There is an increasing concern about the optimisation of the available resources for the creation, transformation, and dissemination of digitised textual content. The digital preservation of the cultural heritage calls for the interdisciplinary collaboration of researchers and practitioners in order to foster innovative approaches for the digitisation and exploitation of cultural content. The DATeCH (Digital Access to Textual Cultural Heritage) conference is conceived as forum to present, discuss and showcase techniques which lead potentially to:

  • Improved text recognition and special text recognition techniques for historical documents.

  • Innovative views and tools for the exploitation of digital content by both experts and non-expert communities in the humanities.

  • Advanced tools for a higher productivity and quality in the creation of useful digital content.

  • New technologies to classify historical texts and sort large collections according to genre, language, time and place of birth, text recognition quality, thematic fields, author, etc.

  • Improved treatment of historical languages (diachronic language development) and multilingualism.

  • Advanced toolkits for querying and exploiting (clean or noisy) historical corpora and other linguistic resources.

  • New mining techniques on historical text collections (addressing, e.g., historical text re-use, or person and event detection).

  • Procedures of enriching, structuring, annotating and interlinking historical texts and reference data.


We welcome submissions on the following topics:

  • Optical Character Recognition (OCR) and / or Handwritten Text Recognition (HTR) technology and tools for minority and historical languages, including dialects

  • Methods and tools for post-correction of OCR and / or HTR results

  • Document layout analysis, document understanding

  • Automated quality control for mass OCR and / or HTR data

  • Innovative access methods for historical texts and corpora

  • Natural language processing of ancient languages (e.g.
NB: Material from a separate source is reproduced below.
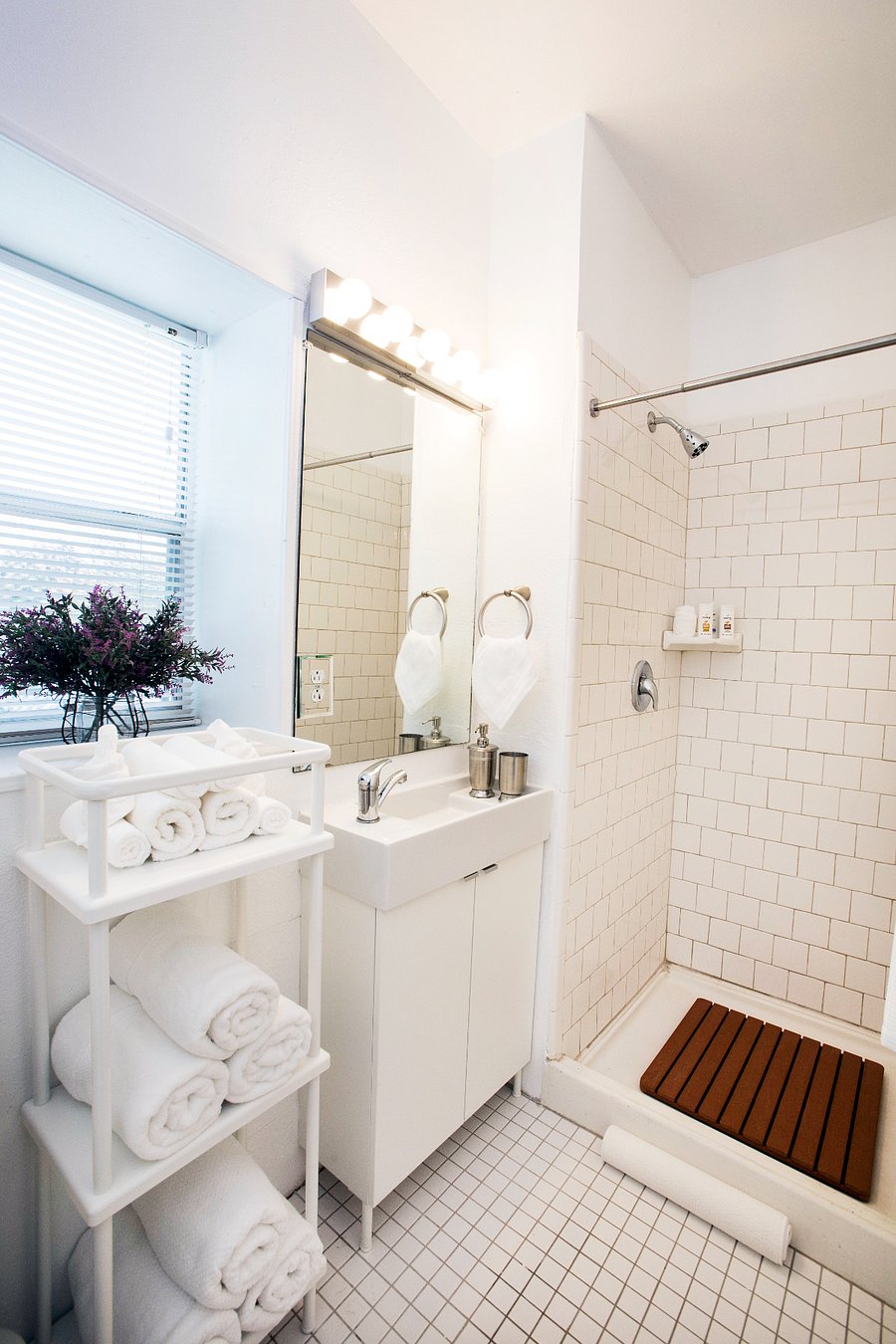 Furnished Finder property 815869_1 photo 16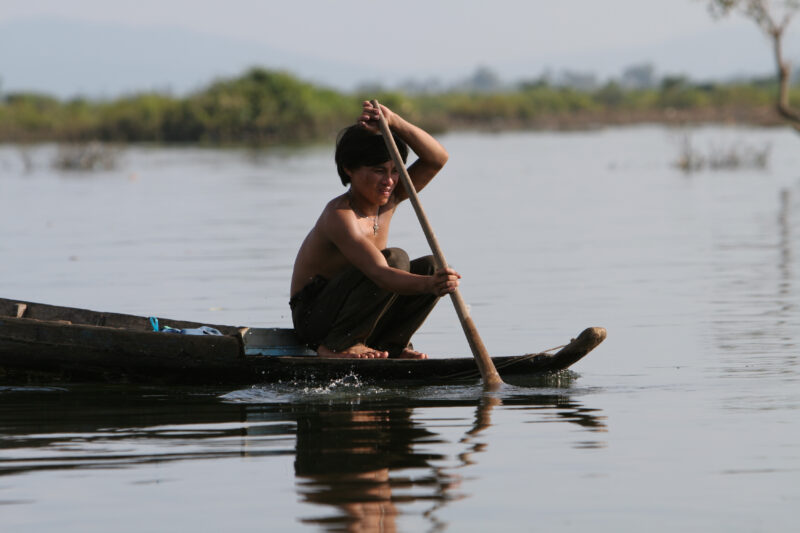 Life on Tonle Sap Lake in Cambodia — Stock Images of people living in a floating village on Tonle Sap Lake, Cambodia — Cambodia, poverty, tonle sap Lake, flo...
Latin, Greek, Arabic, Coptic …)

  • Visualisation techniques and interfaces for search and research in digital humanities

  • Publication and retrieval on e-books and mobile devices

  • Crowdsourcing techniques for collecting and annotating data in digital humanities

  • Enrichment of and metadata production for historical texts and corpora

  • Data created with mobile devices

  • Data presentation and exploration on mobile devices

  • Ontological and linked data based contextualisation of digitised and born-digital scholarly data resources

Target Audience

The conference aims to foster interdisciplinary work and the linking together of participants engaged in the following areas:

  • Text digitisation, Optical Character Recognition (OCR) and Handwritten Text Recognition (HTR)

  • Digital Humanities, Digital Cultural Heritage

  • Image and document analysis

  • Digital libraries, Library and Archival science

  • Museum and Heritage Studies

  • Applied computational linguistics

  • Crowdsourcing

  • Interfaces and human-computer interaction